Today, Tank’s account receives “dozens” direct messages from Instagram users daily. It’s become a huge part of Tank’s customer service, Feuchuk said.
“It’s – ‘hey, where did you find that motorcycle jacket (in your post)?’ and, ‘hey, I’m planning on coming by this Sunday,’” Feuchuck said, describing messages. A point Feuchuk will touch upon at an upcoming talk about direct-to-consumer marketing is the demographic he believes is reaching out to Tank on Instagram – primarily millennials, the industry’s notorious weak link.
“I think this is the big paradigm shift we’re facing – for so long, (wineries) did customer service on our terms: during business hours or by phone or email,” Feuchuk said. “Now, we’re having to make the shift – it’s on (the customer’s) terms, they tell us how they want to interact, and through what platform.”
It promotes consumer awareness , as “you come to understand what your audience’s likes and dislikes are,” Kashy Khaledi, owner of Ashes & Diamonds, wrote in an email.
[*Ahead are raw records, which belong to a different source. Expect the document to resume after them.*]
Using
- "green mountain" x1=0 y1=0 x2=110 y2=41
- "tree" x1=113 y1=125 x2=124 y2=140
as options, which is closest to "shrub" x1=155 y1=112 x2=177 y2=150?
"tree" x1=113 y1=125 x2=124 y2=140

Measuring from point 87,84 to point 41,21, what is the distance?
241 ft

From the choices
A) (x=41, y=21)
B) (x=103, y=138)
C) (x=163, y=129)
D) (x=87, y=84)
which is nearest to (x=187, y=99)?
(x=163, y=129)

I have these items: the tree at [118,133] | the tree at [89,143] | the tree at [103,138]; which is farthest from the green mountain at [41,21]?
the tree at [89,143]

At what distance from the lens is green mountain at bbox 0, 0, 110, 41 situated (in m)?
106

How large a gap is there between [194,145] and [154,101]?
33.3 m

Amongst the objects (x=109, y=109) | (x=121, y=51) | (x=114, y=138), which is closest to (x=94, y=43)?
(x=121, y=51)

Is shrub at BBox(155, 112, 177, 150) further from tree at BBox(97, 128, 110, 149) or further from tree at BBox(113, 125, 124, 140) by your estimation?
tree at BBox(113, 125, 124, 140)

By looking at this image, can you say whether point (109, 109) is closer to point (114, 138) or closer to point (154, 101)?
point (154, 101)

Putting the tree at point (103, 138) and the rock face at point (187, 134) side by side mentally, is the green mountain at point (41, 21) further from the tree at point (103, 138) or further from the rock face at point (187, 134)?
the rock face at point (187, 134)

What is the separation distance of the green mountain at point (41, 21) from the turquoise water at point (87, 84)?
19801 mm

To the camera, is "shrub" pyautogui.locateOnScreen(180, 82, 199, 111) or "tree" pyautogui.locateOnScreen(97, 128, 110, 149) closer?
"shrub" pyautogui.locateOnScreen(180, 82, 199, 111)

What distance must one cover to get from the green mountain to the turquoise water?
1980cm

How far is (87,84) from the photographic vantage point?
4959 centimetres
Khaledi runs the winery’s account, which has garnered 13,000 followers since its launch in 2015. It began as a way to communicate Ashes & Diamond’s brand, “cheeky humor” and the history of the valley; now, though, Khaledi wrote, their followers use it to keep up with the winery: events, releases, and occasional looks behind-the-scenes.
Matthiasson’s Instagram following of almost 23,000 dwarfs their wine club membership (at just under 900, according to Matthiasson) and, at 10,000 a year, even their case production. Matthiasson is almost bemused at the way their following has grown on the app, a process she said was completely organic. They’ve never employed any kind of content strategy (“we don’t even know how,” she added) and the account is still run by Matthiasson and her husband.
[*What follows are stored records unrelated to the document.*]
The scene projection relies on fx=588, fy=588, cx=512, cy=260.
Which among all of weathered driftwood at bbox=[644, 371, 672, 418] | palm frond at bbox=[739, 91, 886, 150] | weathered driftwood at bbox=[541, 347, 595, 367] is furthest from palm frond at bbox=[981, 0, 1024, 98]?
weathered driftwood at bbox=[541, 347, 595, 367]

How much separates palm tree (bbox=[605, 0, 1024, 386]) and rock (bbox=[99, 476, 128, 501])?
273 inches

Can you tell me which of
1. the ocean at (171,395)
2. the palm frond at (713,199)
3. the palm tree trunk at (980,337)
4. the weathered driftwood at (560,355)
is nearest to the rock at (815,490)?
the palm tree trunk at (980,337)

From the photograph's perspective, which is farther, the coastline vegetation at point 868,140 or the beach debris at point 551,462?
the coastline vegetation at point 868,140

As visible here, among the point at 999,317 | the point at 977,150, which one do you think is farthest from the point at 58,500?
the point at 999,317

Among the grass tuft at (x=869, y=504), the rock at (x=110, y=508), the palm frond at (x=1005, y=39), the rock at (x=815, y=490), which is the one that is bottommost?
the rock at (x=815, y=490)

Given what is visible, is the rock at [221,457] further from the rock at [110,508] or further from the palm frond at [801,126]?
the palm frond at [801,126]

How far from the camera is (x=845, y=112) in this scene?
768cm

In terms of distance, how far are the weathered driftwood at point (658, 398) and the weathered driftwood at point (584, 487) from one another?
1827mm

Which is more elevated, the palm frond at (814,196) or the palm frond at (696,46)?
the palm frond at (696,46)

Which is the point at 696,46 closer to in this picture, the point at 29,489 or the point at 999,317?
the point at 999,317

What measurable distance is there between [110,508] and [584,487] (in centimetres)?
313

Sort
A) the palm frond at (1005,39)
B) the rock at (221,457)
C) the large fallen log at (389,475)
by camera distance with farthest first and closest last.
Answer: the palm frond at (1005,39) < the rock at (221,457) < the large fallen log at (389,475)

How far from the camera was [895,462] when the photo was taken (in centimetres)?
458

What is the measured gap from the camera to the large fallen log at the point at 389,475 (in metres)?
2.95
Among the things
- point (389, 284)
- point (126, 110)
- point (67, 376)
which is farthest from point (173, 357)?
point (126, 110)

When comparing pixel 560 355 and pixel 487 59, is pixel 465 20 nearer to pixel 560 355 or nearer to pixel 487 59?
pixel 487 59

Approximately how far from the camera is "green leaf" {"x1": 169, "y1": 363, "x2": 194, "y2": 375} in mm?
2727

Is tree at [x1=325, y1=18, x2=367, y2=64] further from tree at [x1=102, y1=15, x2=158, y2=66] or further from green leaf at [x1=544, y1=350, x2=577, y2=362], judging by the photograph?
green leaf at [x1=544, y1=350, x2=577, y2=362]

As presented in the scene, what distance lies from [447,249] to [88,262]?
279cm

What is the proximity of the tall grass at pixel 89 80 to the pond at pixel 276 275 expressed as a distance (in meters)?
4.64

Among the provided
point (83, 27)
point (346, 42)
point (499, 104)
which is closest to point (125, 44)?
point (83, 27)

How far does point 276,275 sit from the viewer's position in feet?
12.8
But it’s a resource she’s grateful for. They’ve used it as a crowdsourcing tool for fundraising efforts (following damage the winery suffered after the 2014 earthquake, for instance, and to assist victims of natural disasters like the wine country fires and Hurricane Harvey). And it remains a way for Matthaisson Wines to share its story.
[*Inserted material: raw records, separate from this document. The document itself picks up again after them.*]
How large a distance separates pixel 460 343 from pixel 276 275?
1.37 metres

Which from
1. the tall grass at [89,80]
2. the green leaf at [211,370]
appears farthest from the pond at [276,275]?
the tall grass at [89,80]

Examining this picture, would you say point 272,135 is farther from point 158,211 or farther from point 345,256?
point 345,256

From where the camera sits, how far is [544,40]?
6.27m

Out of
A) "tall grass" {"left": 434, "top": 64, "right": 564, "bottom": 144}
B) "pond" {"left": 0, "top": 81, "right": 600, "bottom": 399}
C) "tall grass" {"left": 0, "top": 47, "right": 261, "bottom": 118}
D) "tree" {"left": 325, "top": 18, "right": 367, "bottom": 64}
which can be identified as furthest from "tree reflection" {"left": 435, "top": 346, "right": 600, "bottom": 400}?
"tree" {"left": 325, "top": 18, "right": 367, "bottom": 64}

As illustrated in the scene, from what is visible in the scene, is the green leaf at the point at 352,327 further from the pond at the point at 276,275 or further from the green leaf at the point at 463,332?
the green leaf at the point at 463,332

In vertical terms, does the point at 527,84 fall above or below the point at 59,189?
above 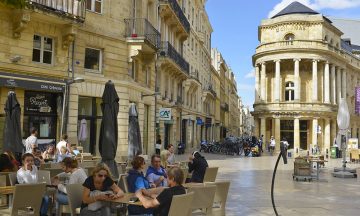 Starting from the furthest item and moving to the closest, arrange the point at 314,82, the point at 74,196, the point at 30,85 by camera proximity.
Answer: the point at 314,82
the point at 30,85
the point at 74,196

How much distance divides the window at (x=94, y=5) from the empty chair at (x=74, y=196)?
15.2m

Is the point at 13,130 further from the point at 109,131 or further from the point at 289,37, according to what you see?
the point at 289,37

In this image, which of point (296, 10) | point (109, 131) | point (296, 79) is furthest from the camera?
point (296, 10)

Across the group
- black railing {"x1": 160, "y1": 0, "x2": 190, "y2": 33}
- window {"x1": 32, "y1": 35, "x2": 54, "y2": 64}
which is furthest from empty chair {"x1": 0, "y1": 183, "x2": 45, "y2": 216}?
black railing {"x1": 160, "y1": 0, "x2": 190, "y2": 33}

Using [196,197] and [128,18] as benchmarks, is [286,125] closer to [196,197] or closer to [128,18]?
[128,18]

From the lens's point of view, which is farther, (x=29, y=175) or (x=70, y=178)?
(x=29, y=175)

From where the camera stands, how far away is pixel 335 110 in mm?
59812

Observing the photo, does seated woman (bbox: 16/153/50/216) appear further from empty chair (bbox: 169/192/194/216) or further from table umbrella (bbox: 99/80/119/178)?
empty chair (bbox: 169/192/194/216)

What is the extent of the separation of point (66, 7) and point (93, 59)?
2933 mm

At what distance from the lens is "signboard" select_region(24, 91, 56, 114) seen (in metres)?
18.2

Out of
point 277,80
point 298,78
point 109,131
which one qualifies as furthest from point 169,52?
point 298,78

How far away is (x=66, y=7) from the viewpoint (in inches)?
742

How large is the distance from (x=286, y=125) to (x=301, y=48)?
33.2ft

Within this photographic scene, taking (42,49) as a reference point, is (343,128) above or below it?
below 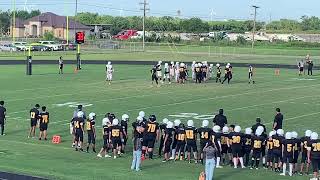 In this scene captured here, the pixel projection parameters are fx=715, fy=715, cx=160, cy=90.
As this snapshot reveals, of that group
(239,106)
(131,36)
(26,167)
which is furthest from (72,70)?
(131,36)

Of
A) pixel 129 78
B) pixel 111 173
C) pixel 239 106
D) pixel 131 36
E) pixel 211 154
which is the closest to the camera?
pixel 211 154

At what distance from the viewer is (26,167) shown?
67.1 feet

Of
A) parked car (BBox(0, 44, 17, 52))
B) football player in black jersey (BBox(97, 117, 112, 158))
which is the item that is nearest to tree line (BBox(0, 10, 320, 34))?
parked car (BBox(0, 44, 17, 52))

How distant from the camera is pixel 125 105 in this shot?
35.9m

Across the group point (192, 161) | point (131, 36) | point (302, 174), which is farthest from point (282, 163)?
point (131, 36)

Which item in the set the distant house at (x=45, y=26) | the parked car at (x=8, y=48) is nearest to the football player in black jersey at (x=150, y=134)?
the parked car at (x=8, y=48)

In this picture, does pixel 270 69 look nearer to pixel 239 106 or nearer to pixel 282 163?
pixel 239 106

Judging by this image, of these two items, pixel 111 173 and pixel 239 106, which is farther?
pixel 239 106

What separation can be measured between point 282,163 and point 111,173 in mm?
5086

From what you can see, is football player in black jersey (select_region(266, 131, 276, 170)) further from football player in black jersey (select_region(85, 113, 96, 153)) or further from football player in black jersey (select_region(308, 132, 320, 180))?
football player in black jersey (select_region(85, 113, 96, 153))

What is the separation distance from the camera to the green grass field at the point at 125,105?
2073 centimetres

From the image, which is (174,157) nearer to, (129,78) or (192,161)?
(192,161)

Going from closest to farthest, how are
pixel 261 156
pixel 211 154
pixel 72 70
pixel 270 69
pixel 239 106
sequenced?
pixel 211 154, pixel 261 156, pixel 239 106, pixel 72 70, pixel 270 69

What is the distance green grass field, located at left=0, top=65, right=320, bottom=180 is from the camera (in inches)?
816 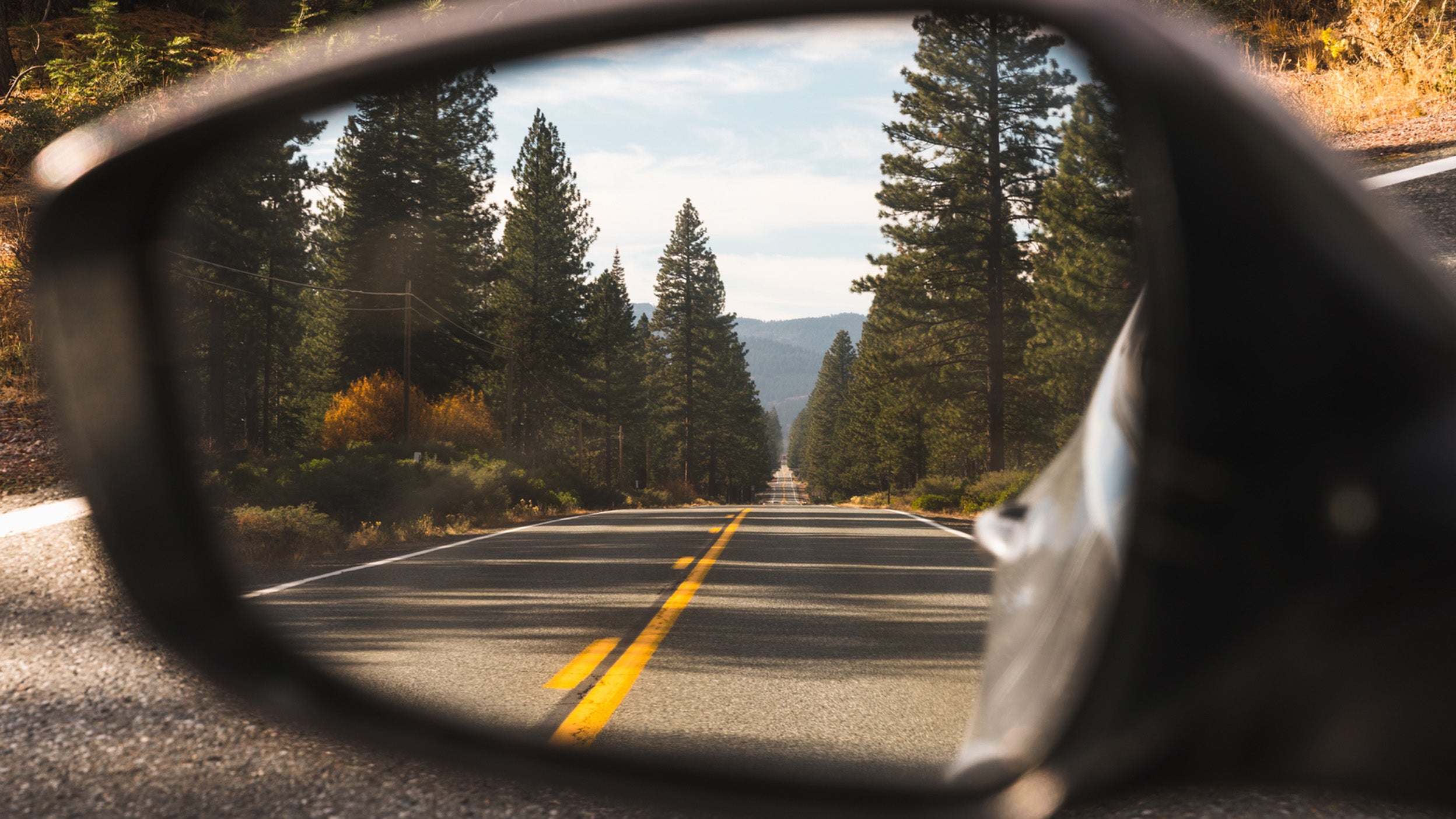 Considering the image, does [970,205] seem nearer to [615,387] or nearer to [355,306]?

“We haven’t found anything as good to communicate with our audience, our customers,” Matthiasson said. “We still go out into the world and meet so many people who tell me they follow us, that they’ve seen us, and how interesting it all is. It feels important for us.”
Her 22-year-old son sometimes advises them on Instagram best practices, like creating Instagram ‘stories,’ a fairly new feature of the app (“It always seems to be evolving,” she said). For now, that’s about as much strategizing as the Matthiassons do on Instagram.
“I swear,” she added. “We just – post.”